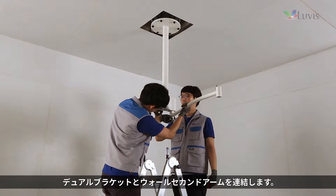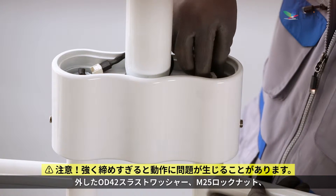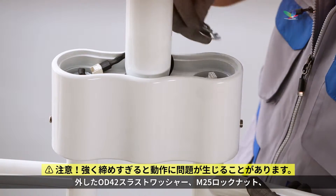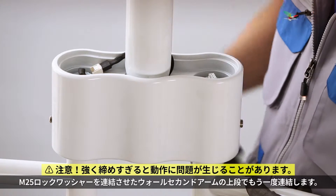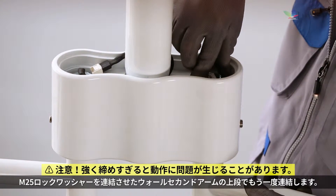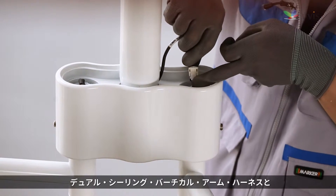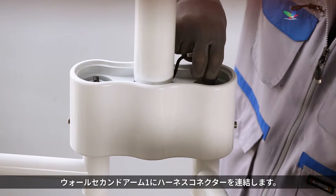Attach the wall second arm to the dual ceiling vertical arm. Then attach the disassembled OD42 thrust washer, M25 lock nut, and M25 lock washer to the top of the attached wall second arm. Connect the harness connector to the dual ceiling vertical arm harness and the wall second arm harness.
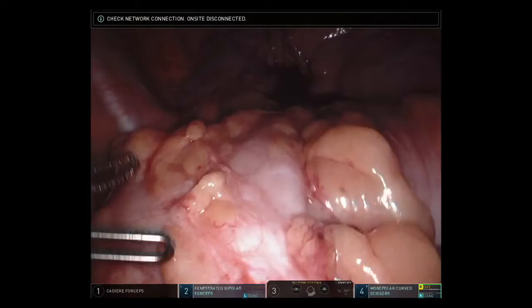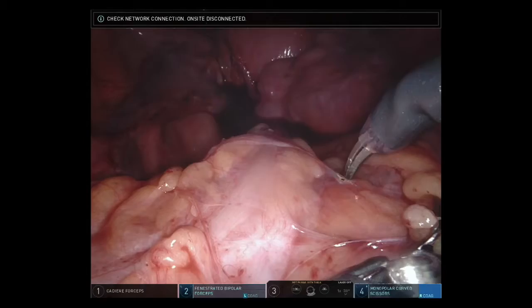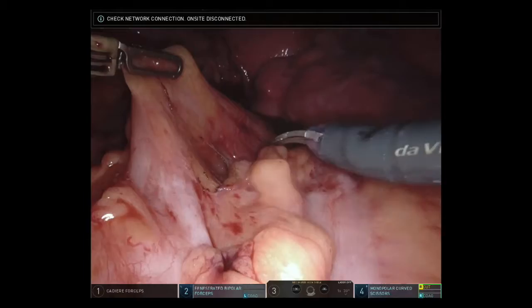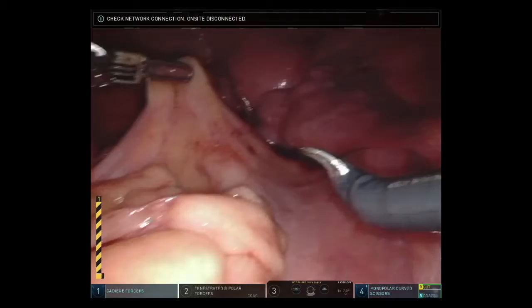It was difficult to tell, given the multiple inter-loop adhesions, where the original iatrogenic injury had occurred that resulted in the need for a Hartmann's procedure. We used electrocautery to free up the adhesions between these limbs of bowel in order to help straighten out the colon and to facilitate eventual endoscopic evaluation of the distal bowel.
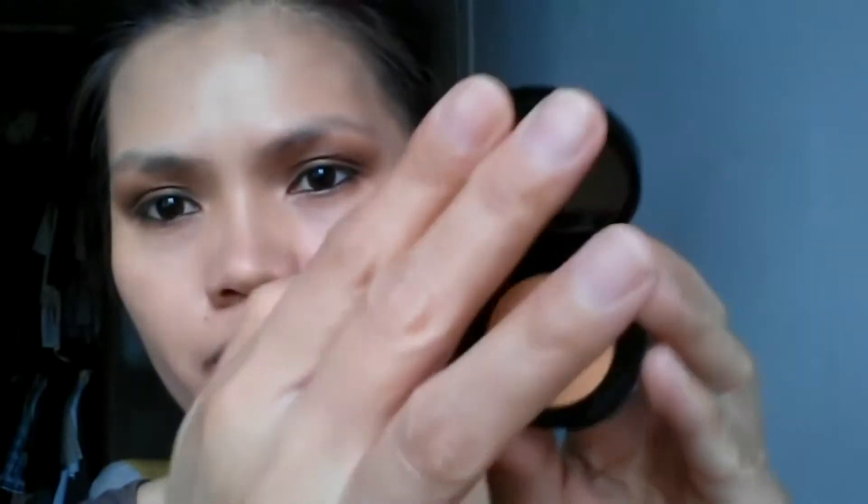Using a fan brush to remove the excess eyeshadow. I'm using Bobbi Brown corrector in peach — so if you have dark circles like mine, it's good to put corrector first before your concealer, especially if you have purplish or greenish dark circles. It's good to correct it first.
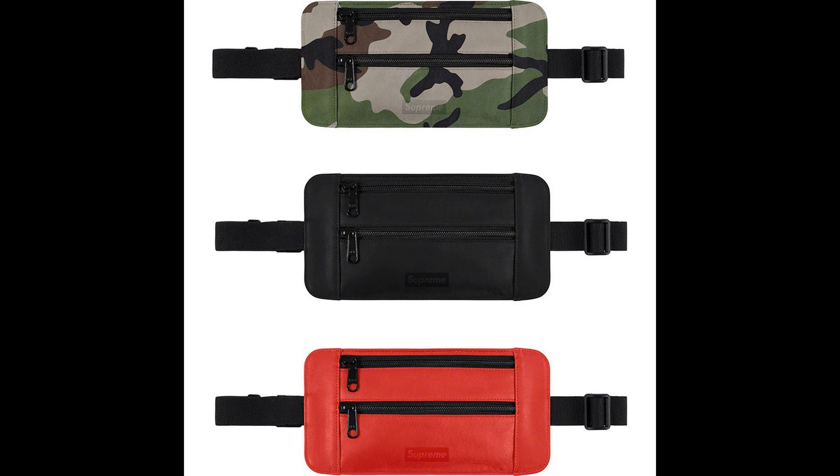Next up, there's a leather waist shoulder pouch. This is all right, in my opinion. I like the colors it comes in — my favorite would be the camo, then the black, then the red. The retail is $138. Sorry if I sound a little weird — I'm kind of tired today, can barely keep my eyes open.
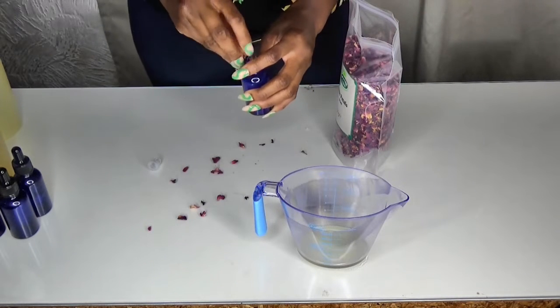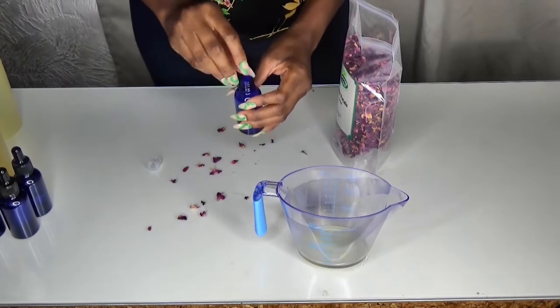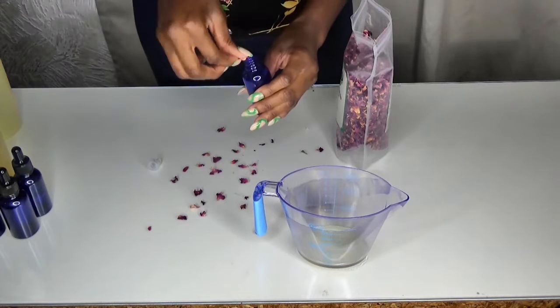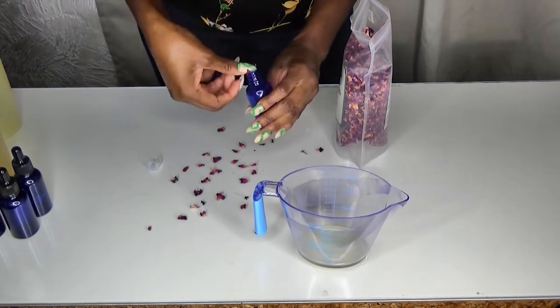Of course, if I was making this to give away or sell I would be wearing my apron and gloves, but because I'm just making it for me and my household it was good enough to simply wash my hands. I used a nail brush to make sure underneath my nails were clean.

*Exercise*. Could you set down, exactly as written, every line from the start of the records above through the line containing "Using a fan", leaving the pictures out?

*Finished exercise*.
Attach the wall second arm to the dual ceiling vertical arm. Then attach the disassembled OD42 thrust washer, M25 lock nut, and M25 lock washer to the top of the attached wall second arm. Connect the harness connector to the dual ceiling vertical arm harness and the wall second arm harness.
It was difficult to tell, given the multiple inter-loop adhesions, where the original iatrogenic injury had occurred that resulted in the need for a Hartmann's procedure. We used electrocautery to free up the adhesions between these limbs of bowel in order to help straighten out the colon and to facilitate eventual endoscopic evaluation of the distal bowel.
Using a fan brush to remove the excess eyeshadow. I'm using Bobbi Brown corrector in peach — so if you have dark circles like mine, it's good to put corrector first before your concealer, especially if you have purplish or greenish dark circles. It's good to correct it first.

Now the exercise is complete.